(Dataset excerpts)

=====

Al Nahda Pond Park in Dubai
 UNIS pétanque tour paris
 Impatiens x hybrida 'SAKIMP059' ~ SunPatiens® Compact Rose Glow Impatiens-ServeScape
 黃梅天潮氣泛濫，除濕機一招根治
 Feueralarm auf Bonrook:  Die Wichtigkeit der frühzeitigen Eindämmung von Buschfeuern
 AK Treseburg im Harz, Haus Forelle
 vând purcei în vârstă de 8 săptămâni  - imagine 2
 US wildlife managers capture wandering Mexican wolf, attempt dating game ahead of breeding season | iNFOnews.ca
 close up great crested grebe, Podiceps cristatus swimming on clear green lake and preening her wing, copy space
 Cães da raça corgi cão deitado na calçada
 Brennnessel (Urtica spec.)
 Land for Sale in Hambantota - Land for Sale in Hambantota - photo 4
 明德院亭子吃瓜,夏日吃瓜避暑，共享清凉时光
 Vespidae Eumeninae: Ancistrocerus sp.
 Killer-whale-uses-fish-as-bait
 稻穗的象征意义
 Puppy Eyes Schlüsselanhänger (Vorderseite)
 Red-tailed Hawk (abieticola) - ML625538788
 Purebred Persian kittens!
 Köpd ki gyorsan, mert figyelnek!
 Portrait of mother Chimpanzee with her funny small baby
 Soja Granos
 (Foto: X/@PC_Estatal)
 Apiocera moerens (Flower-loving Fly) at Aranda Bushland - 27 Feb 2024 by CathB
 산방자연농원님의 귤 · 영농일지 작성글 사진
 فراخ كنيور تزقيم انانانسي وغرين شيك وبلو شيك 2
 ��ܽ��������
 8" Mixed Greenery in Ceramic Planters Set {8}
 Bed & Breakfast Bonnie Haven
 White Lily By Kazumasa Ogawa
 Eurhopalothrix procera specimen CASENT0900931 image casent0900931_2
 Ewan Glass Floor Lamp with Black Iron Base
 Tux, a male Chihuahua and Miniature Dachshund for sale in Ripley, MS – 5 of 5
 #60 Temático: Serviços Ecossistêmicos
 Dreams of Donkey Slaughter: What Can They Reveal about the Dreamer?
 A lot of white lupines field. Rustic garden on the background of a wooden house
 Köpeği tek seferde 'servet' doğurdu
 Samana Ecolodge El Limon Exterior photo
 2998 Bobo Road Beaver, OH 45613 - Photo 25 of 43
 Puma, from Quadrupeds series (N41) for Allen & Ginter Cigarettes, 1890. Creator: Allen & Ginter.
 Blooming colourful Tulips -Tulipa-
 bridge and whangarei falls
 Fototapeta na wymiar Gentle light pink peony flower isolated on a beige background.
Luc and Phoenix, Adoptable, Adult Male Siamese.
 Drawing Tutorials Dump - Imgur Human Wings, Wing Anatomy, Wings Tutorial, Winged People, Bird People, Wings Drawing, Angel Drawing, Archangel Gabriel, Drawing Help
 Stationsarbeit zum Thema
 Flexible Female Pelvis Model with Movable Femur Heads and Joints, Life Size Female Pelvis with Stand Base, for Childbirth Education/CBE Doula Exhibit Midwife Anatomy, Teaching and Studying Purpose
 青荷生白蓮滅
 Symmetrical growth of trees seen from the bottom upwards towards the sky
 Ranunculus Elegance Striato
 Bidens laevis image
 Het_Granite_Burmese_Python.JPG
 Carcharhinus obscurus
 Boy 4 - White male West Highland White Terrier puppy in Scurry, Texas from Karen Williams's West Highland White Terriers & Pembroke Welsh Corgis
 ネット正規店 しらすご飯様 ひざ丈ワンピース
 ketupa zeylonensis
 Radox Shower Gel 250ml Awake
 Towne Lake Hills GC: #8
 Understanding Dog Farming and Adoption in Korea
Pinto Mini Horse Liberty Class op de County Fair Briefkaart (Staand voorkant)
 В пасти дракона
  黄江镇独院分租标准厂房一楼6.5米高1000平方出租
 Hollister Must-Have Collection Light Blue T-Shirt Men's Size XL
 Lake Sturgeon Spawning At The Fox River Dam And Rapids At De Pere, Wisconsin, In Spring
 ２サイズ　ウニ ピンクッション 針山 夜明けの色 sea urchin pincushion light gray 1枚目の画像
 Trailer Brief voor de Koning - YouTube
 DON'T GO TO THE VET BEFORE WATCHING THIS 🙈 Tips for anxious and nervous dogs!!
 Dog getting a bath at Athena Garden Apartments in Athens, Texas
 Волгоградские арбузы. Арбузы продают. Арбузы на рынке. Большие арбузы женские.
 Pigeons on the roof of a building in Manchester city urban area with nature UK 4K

=====

Action item »
Search the data for the word "Texas" and copy each line where it appears.

Reply to the exercise »
 Boy 4 - White male West Highland White Terrier puppy in Scurry, Texas from Karen Williams's West Highland White Terriers & Pembroke Welsh Corgis
 Dog getting a bath at Athena Garden Apartments in Athens, Texas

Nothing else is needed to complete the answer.